Everything in the listing below except the pictures should be reproduced exactly.

— DATA EXTRACT —
#####

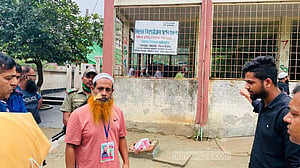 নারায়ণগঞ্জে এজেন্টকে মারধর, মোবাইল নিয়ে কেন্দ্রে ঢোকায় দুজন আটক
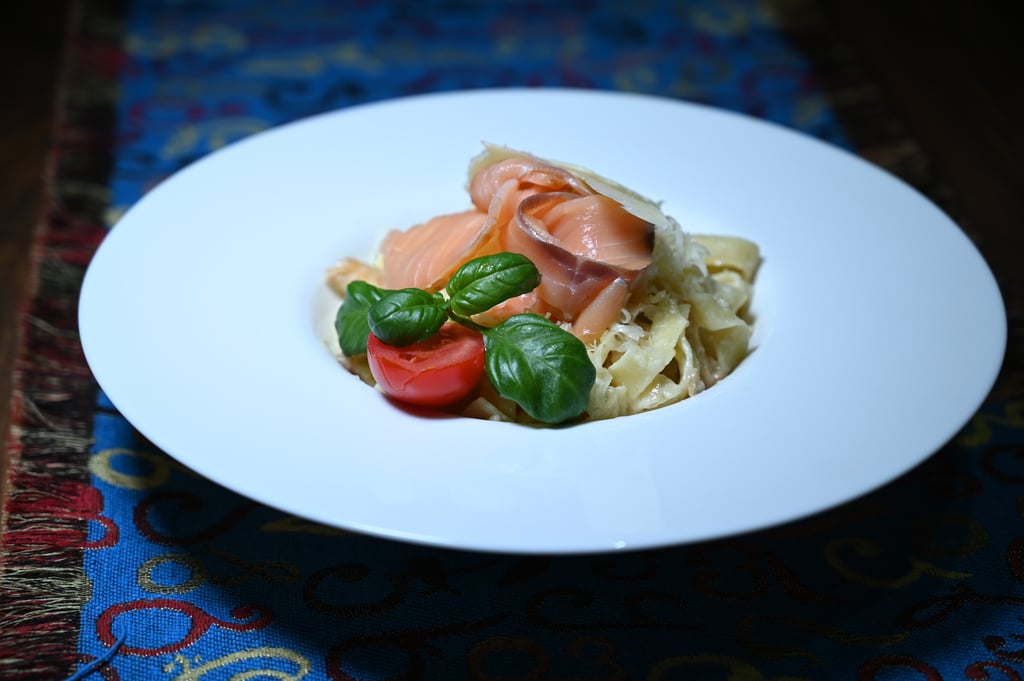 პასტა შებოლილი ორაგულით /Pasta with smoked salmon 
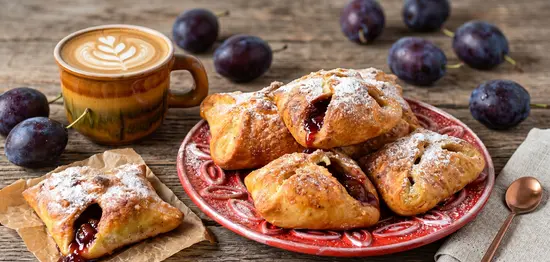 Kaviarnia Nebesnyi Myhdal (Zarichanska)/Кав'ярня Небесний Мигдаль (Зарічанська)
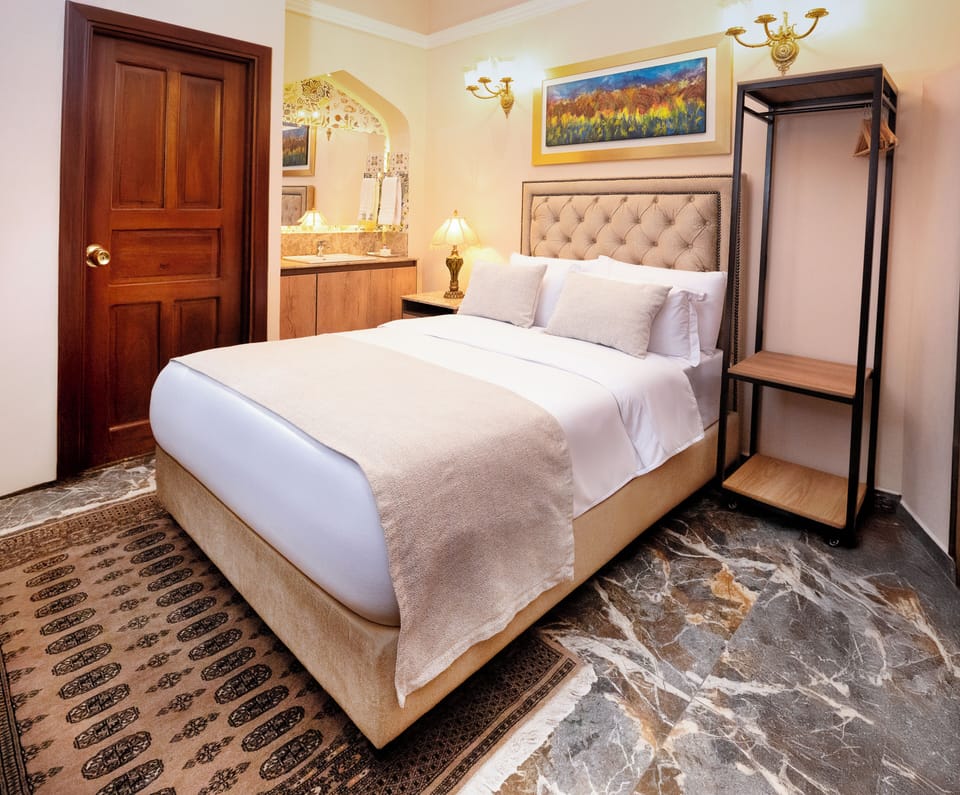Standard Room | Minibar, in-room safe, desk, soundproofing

#####

— RESPONSE AREA —
 নারায়ণগঞ্জে এজেন্টকে মারধর, মোবাইল নিয়ে কেন্দ্রে ঢোকায় দুজন আটক
 პასტა შებოლილი ორაგულით /Pasta with smoked salmon 
 Kaviarnia Nebesnyi Myhdal (Zarichanska)/Кав'ярня Небесний Мигдаль (Зарічанська)
Standard Room | Minibar, in-room safe, desk, soundproofing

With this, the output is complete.